**Exercise objective:**
Starting with the line that contains "So one thing" and stopping after the line that contains "This slide covers", return each line below exactly as written, with no others.

**Source data:**
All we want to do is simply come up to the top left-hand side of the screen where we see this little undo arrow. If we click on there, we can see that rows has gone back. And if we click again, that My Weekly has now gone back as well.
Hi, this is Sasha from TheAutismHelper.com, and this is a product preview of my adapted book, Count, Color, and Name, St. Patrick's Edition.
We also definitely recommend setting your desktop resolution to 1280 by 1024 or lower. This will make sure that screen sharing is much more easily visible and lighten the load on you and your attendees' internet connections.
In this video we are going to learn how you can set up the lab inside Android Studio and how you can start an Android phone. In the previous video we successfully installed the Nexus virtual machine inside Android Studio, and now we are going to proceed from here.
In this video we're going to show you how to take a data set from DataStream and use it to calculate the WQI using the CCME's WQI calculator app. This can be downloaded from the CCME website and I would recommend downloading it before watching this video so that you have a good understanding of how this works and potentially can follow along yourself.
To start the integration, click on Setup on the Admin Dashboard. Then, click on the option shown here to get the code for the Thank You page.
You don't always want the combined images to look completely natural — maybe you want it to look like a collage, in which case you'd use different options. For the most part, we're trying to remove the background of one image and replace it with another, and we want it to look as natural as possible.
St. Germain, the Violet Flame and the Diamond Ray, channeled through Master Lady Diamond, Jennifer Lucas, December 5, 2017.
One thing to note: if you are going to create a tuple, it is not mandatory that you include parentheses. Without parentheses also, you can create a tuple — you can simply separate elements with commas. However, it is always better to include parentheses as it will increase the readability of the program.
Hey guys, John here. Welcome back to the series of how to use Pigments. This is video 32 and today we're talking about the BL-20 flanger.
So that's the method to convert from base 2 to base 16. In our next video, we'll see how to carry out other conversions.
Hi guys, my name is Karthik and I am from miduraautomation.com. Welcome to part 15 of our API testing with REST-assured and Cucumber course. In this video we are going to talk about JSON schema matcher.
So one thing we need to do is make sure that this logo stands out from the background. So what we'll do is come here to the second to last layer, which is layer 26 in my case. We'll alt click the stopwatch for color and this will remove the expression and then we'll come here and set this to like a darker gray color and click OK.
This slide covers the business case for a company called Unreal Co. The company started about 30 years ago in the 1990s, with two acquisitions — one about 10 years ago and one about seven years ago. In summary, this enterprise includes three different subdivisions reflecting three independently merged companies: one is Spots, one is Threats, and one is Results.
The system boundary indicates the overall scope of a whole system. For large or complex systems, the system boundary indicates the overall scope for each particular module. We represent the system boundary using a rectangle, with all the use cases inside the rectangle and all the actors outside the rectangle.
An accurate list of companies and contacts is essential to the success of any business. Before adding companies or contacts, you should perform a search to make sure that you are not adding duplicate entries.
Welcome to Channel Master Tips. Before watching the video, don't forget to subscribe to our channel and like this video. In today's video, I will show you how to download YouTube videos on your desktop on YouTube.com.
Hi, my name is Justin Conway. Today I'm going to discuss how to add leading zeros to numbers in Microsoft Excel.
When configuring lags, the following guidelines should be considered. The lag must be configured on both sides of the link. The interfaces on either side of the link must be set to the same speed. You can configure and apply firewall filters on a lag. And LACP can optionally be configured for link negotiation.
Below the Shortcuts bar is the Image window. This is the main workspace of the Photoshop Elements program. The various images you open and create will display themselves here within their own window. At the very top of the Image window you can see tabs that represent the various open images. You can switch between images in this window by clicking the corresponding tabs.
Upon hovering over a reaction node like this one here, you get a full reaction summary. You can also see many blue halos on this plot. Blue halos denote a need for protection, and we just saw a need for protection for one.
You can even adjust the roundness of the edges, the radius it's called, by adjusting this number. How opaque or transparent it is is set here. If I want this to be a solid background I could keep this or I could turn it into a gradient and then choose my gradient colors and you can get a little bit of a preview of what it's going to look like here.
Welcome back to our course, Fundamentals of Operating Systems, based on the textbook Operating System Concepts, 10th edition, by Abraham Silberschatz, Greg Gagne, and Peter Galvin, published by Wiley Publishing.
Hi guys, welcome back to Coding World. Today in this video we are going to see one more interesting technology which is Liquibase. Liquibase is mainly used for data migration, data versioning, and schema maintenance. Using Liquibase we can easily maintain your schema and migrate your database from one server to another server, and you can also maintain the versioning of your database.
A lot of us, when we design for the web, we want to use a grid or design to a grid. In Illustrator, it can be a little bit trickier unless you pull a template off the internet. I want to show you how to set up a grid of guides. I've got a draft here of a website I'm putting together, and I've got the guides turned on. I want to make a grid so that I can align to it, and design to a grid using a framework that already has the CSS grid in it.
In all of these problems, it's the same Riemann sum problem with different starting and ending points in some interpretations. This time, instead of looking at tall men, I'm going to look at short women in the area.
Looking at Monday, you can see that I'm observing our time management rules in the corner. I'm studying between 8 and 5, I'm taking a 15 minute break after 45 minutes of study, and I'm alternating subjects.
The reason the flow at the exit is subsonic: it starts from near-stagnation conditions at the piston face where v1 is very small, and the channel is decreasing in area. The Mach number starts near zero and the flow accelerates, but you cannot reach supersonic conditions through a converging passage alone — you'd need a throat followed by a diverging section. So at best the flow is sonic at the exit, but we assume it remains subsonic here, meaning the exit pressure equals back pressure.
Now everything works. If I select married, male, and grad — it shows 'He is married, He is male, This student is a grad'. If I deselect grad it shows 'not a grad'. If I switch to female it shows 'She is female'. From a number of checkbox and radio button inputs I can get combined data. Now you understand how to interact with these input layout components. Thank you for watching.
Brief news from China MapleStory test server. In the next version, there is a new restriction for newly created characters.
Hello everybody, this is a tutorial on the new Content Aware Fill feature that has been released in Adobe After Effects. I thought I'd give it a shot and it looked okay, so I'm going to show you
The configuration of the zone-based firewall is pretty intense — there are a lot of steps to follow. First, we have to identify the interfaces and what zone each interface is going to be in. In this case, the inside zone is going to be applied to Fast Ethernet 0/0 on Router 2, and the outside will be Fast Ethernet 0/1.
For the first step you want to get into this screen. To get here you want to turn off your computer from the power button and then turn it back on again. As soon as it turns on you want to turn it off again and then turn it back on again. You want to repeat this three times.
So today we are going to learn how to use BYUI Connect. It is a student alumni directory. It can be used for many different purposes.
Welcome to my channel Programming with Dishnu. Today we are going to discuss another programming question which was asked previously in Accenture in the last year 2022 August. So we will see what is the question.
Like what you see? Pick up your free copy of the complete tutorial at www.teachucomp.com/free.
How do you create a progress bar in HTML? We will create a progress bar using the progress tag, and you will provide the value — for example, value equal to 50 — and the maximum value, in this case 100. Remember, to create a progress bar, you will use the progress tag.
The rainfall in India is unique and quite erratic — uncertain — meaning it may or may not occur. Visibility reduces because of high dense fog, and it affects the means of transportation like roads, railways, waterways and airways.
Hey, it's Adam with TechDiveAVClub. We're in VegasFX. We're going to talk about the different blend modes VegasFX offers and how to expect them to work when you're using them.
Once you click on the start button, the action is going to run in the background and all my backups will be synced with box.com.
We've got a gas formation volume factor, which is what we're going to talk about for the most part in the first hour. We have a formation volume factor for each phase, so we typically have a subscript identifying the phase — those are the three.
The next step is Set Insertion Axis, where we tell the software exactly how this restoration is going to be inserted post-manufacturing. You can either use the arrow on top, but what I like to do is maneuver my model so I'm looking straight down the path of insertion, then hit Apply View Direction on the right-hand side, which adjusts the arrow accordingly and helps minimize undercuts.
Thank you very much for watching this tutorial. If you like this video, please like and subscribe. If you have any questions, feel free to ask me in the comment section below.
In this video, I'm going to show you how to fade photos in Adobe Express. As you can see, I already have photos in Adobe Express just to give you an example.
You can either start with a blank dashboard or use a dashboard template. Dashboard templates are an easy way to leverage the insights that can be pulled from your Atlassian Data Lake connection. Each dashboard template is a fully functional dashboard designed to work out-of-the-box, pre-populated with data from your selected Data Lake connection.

**Result for this exercise:**
So one thing we need to do is make sure that this logo stands out from the background. So what we'll do is come here to the second to last layer, which is layer 26 in my case. We'll alt click the stopwatch for color and this will remove the expression and then we'll come here and set this to like a darker gray color and click OK.
This slide covers the business case for a company called Unreal Co. The company started about 30 years ago in the 1990s, with two acquisitions — one about 10 years ago and one about seven years ago. In summary, this enterprise includes three different subdivisions reflecting three independently merged companies: one is Spots, one is Threats, and one is Results.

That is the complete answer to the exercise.